Secondary communications options
If you’re going to work alone, you need to have the right equipment. A running theme in Gobeil’s backup communications suggestions is their lack of dependence on internet or cellular capability. GPS devices do not require internet to work and — obviously — neither do two-way radios.
Here are some pros and cons of a handful of secondary communications devices.
- Two-way radios: Classic ‘walkie-talkies’ have been around for ages but Gobeil is a big fan.
“A lot of them have a really long range and you don’t need a ton of reception. As long as there is a person on the other end of the radio they work,” he said.
They are also relatively inexpensive.
“Of course, the more you spend the longer the range you get, but most of them have a range of at least a mile.”
Two-way radios share some drawbacks with cellphones. They need to be charged, for example, and are not rated for extreme temperatures. However, farmers should avoid working alone in extreme temperatures if at all possible, said Gobeil.
- Lone worker safety devices: These devices allow lone workers to be found via GPS if they’re lost or injured.
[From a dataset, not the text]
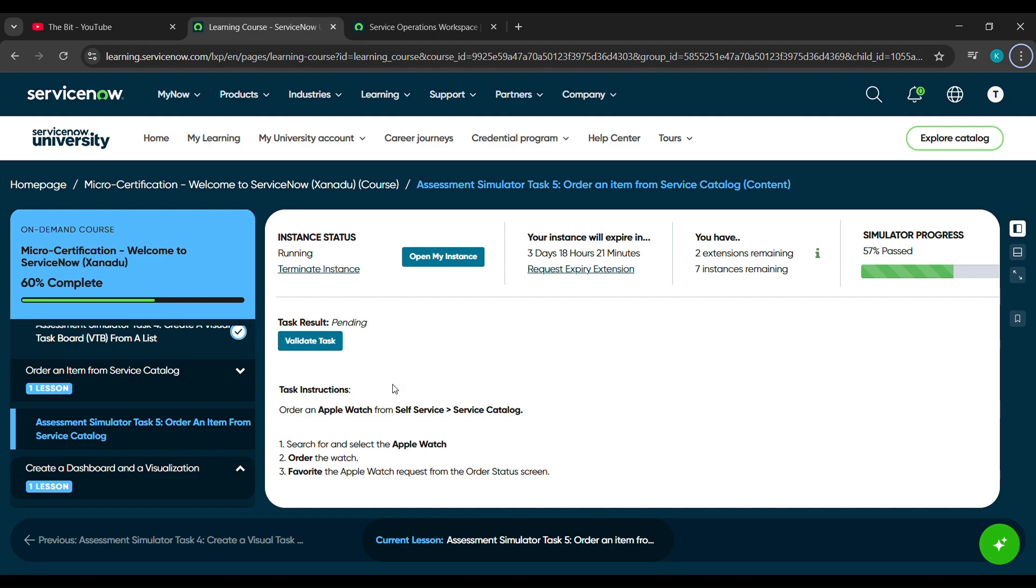Hello everyone, so in today's video, we will complete the 5th challenge under micro certification welcome to ServiceNow course, which is order an item from service catalog.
They come in a variety of formats, including stand-alone devices and smartphone apps.
Their big upside is their use of GPS as a key tool. On the downside, these devices tend to be pricey and subscription based, which means users have to keep track of renewals or auto-renews depending on if they want to continue using the service or not.
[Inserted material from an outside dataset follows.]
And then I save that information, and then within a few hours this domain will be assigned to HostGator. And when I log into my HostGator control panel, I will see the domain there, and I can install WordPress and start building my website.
- Personal mobile alarms: When activated, these GPS-based, one-touch devices send an emergency alert to pre-set mobile numbers or a 24-hour monitoring service. Also known as life alarms, they are usually worn around the neck like a piece of jewelry.
Because personal mobile alarms come with a number of different capabilities depending on the specific product, it’s hard to declare across-the-board advantages aside from GPS functionality. However, Gobeil said many feature fall detection and 911 calling capabilities. Many have no monthly monitoring fees.
Price-wise, they tend to fall on the expensive side, he said. On a more visceral note, wearing a necklace is not always conducive to farm work and may create an entanglement hazard.
Another possible drawback is that personal mobile alarms rely on a personal network, said Gobeil.
“Having a personal network could really be good or bad — depending how you look at it — because it relies on friends and family. They may not know what to do in the event of an emergency and it can cause worry and stress to the contacts.”
- Develop safety procedures: Have a farm safety plan that is co-ordinated between employers and employees. The Canadian Agricultural Safety Association offers online, in-person and customized training while AgSafe Alberta offers on-farm advisory and a host of other tools. Canadian Ag Safety Week is March 15-21 this year and numerous resources can be found at www.agsafetyweek.ca.
“(These procedures) don’t have to be overly formal but you should have a plan in place,” said Gobeil. “Part and parcel with that would be training your workers — or others who would be using the procedures — and as an operator ensure that workers comply with the procedures.”
- Have a check-in plan: Employers and employees agree to inform a designated person both when they have started and finished a task. These should be tailored to the risk of the task at hand, said Gobeil.
“The risk of simple operation of a combine in a remote location is relatively minor, so you would probably just want to check in when you get to the field to start work and then check in when you’re done.”
- Minimize the potential for working alone: Working with someone isn’t a guarantee that injuries can’t happen, but at least you will have a second set of eyes, ears and legs to help minimize the potential for something going awry. Gobeil recommends assessing and reducing situations where you may have to go it alone.
“If we aren’t working alone we don’t have to worry as much about checking in and checking out.”